Cosatu mobilising for protest against e-tolls, calls on motorists to boycott system

By Citizen Reporter

One of the governing party’s alliance partners, the Congress of South African Trade Unions (Cosatu) in Gauteng, has said it would mobilise its members, non-governmental organisations, and business sympathetic to its call to scrap the e-tolls in the province by closing all the toll roads in Gauteng.

“We further call all motorists in Gauteng to continue to boycott paying e-toll accounts, including the 30% that is currently paying,” reads a statement issued by the trade union on Tuesday.

Cosatu said its call to protest e-tolls comes after the trade union was taken aback by the latest pronouncement by ANC national spokesperson, Pule Mabe, who said that people of Gauteng must carry the debt of the e-tolling system.
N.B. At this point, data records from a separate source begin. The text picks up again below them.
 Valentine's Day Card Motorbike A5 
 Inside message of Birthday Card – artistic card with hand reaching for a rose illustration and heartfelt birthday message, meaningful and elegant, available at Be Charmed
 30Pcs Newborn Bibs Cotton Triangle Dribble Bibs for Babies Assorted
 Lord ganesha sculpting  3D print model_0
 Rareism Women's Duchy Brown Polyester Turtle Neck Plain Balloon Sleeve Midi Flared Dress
“We are even shocked by his myopic comparison of the e-tolls system to the cellphone pay-as-you-go system. Mabe should know by now that the ANC led government is not a private company and it is duty-bound to provide services to the people, including quality roads.”

Transport Minister Fikile Mbalula had promised the trade union that a process to determine a solution would be set in motion, Cosatu said, adding that it was astounding that the governing party’s headquarters, Luthuli House, was, through Mabe, “already telling us the outcomes of the process that is yet to start”.
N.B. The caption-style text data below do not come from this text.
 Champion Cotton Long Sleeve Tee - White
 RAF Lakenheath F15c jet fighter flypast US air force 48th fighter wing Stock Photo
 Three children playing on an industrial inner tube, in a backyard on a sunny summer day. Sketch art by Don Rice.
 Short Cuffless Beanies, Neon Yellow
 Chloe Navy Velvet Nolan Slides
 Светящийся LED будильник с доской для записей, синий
“This is a sign of arrogance and it also shows that some of the people entrusted with leadership positions are out of touch with reality.”

The trade union in the province reiterated its position that the building of roads was the responsibility of government and that the people of Gauteng contributes towards this through tax and fuel levies.

“The ANC should also appreciate that the people of Gauteng voted them in power on the 8th of May 2019 with the understanding that e-tolls will be scrapped. The latest statement is a slap in the face for all those who were promised that the solution will be found that does not include punishing motorists in this province.

“This political zigzagging and policy flip-flopping are the reasons the ANC has lost 12% of the electoral support over the last decade in the province.”